I enjoy these grandiose realignment scenarios like most folks around here and I generate some threads to them. But the list of schools that could feasibly be added to the Big 10 and SEC are fewer than half a dozen and even those would be separated by a wide degree of profitability. Now should the PAC ever become vulnerable conceivably the Big 10 could have about 6 more to consider. But that's about it. I suppose you could add Notre Dame to the list of schools that would be profitable to add to the Big 10 or SEC but I really don't see them being a legitimate target for the SEC.
For the SEC the most likely expansion targets are Texas and Oklahoma and should they not come together, a companion for one of them that at least when combined with the brand doesn't detract from the bottom line. Not coincidentally those are also the Big 10's only viable candidates at the time. Kansas only gets into the Big 10 if they accompany either Texas or Oklahoma.
The PAC is really not a consideration simply because Texas earns almost 22 million more than any PAC school in media revenue and Oklahoma earns about 11 million more.

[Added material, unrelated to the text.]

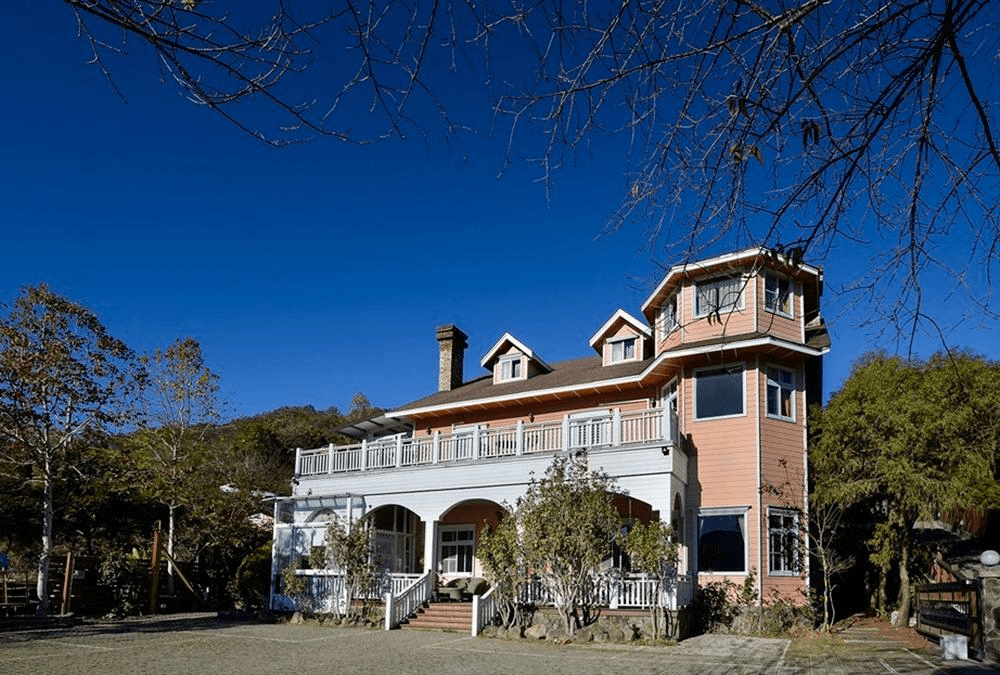在木屋裡看雲海流動，住進雲霧與陽光之間，清境晨曦山莊的溫柔慢時光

And since the PAC is a media revenue sharing conference I can't conceive of a way that Texas and Oklahoma could earn the PAC enough revenue to give every school in the PAC a 22 million dollar raise to give Oklahoma a nice bump and to keep Texas on par, or why Texas and Oklahoma would choose that when obviously the PAC can't afford for them to bring traveling companions.

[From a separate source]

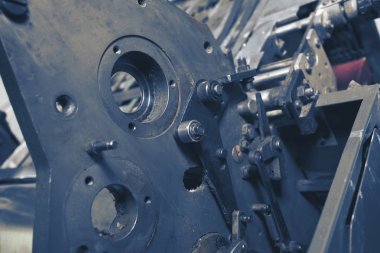 Bir demir endüstriyel makine aracı parçası.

If Texas or Oklahoma move at all it will be either to the SEC or Big 10. If the Horns can keep their sweet LHN deal and move like an independent then the ACC might be a possibility.
That's about it. No conference is taking a school that lowers the existing members media payouts. The Big 12 is the most vulnerable and their GOR expires first and they voted to not extend it last year. And of those schools Texas and Oklahoma are the only two that move the needle up for the Big 10 and SEC and of the schools in the Big 12 that qualify to be a traveling companion the list is not long: T.C.U.: markets & total gross revenue in the 90 million range, Kansas: national brand in hoops, total gross revenue in the 90 million range, Oklahoma State: total gross revenue in the 90 million range and may be the SEC's best play to get Oklahoma, West Virginia: total gross revenue in the 100 million range, and a decent regional draw. The only other Big 12 school with gross revenue within an acceptable range is Baylor in the 90 million range, but right now they are toxic.
Unfortunately for Iowa State, Kansas State and Texas Tech they lag too far behind to be able to move with Oklahoma. But any of them could make the cut if paired with Texas. My money would be that Texas would insist on Tech.